- [Problem requirements]
Look through the data below and output, unchanged, every line from the one holding "Entry Way - 6314" through the one holding "Audi A3 SPORTBACK", inclusive. Skip the pictures.
Study material below:
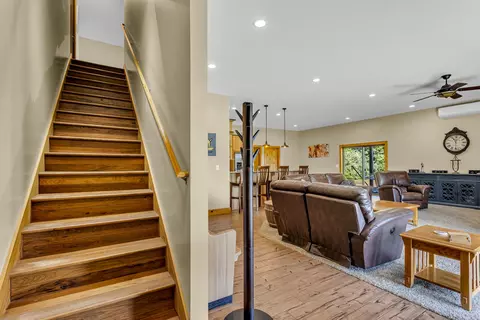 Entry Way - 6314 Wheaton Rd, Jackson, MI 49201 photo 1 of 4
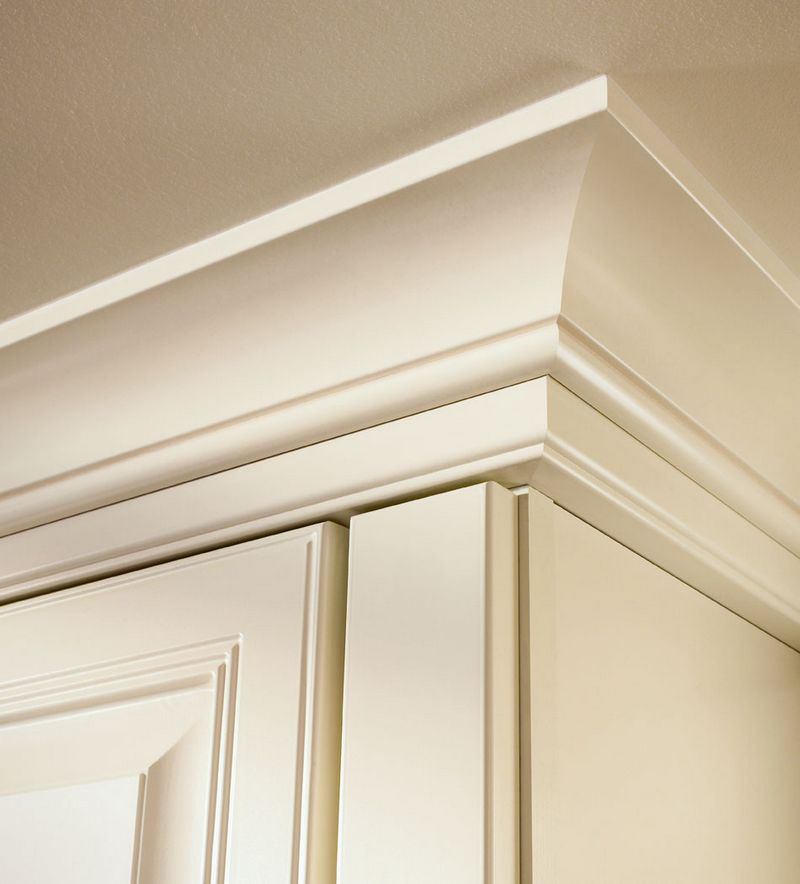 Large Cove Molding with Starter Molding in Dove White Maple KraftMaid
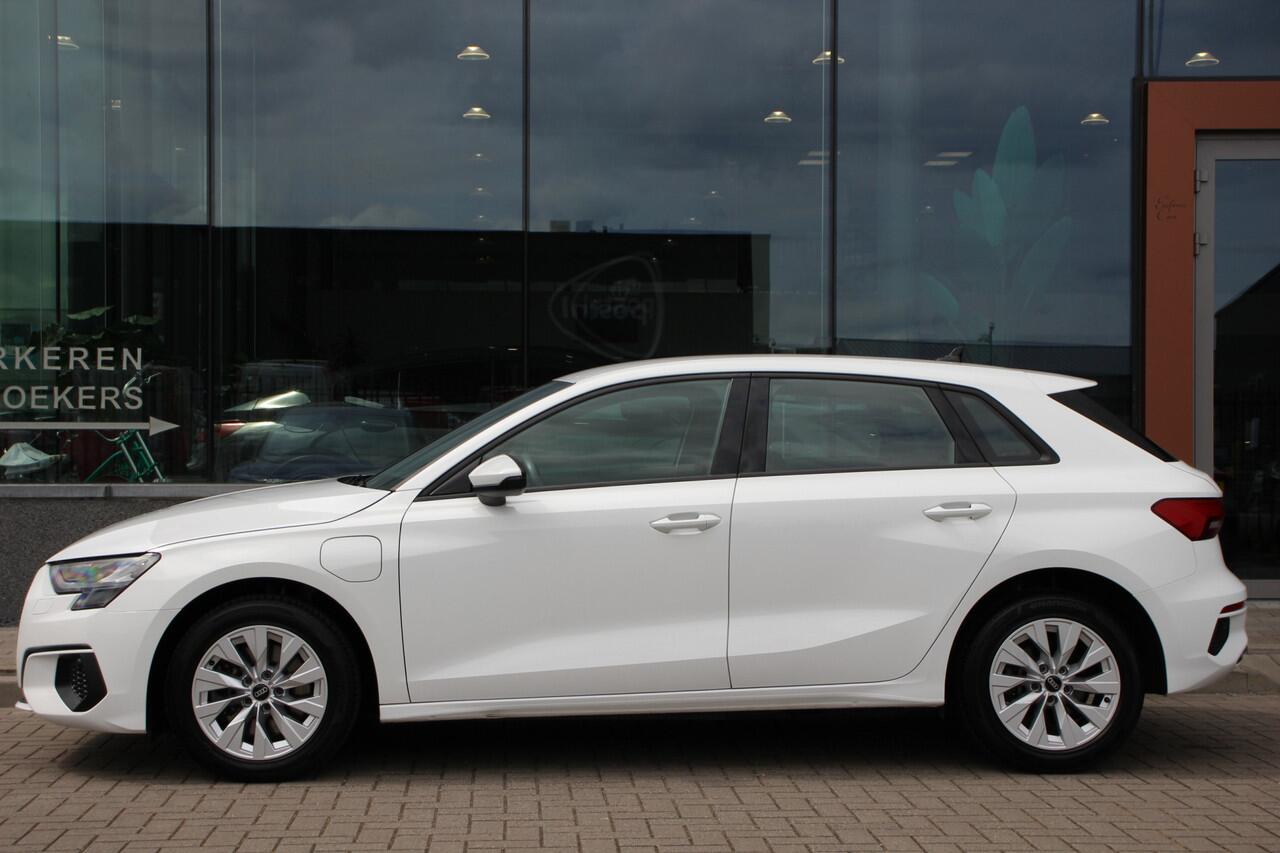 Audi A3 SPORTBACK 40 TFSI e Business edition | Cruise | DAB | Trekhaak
End of Study material.
Study material below:
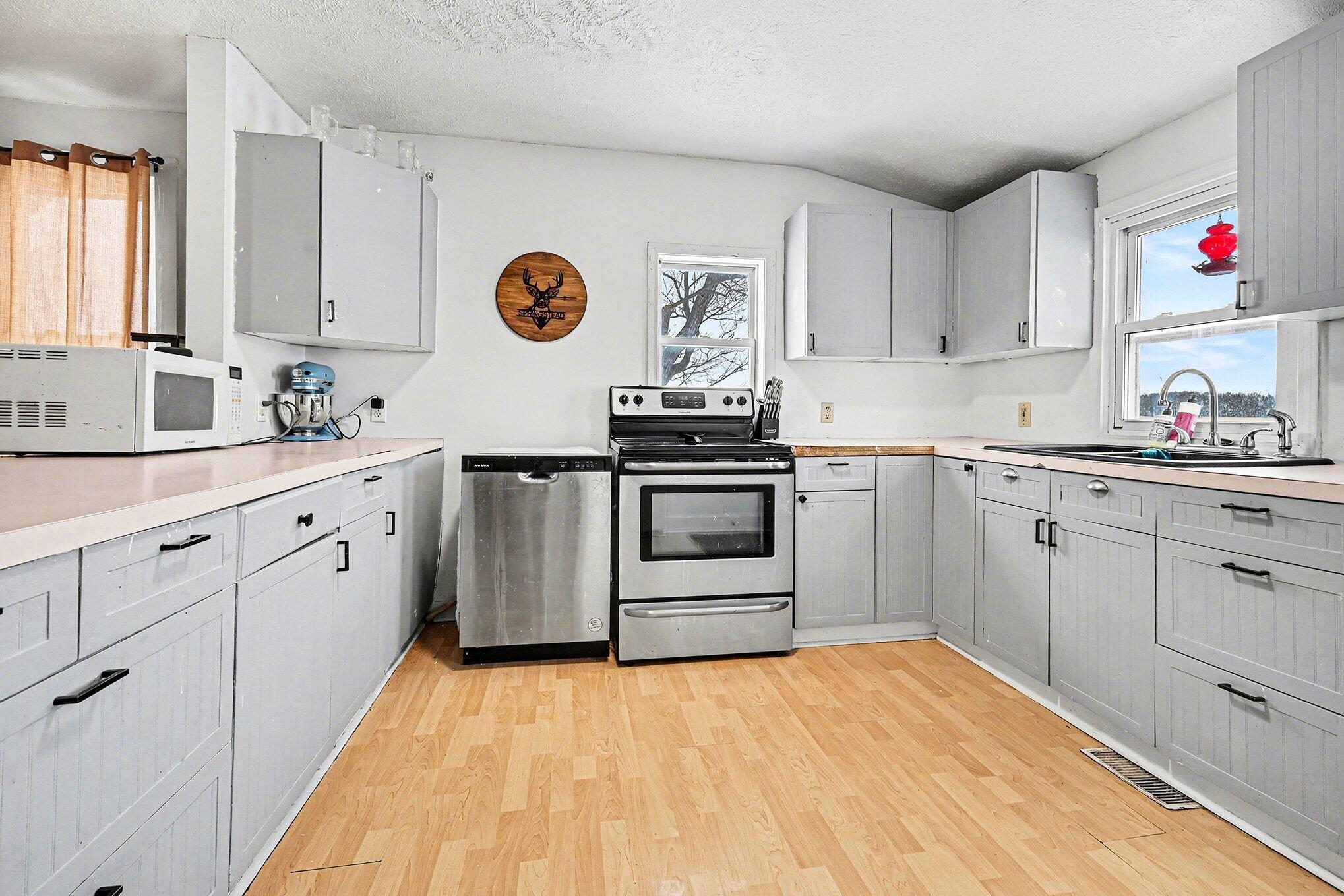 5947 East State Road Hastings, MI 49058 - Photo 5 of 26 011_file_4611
End of Study material.
- [Worked solution]
 Entry Way - 6314 Wheaton Rd, Jackson, MI 49201 photo 1 of 4
 Large Cove Molding with Starter Molding in Dove White Maple KraftMaid
 Audi A3 SPORTBACK 40 TFSI e Business edition | Cruise | DAB | Trekhaak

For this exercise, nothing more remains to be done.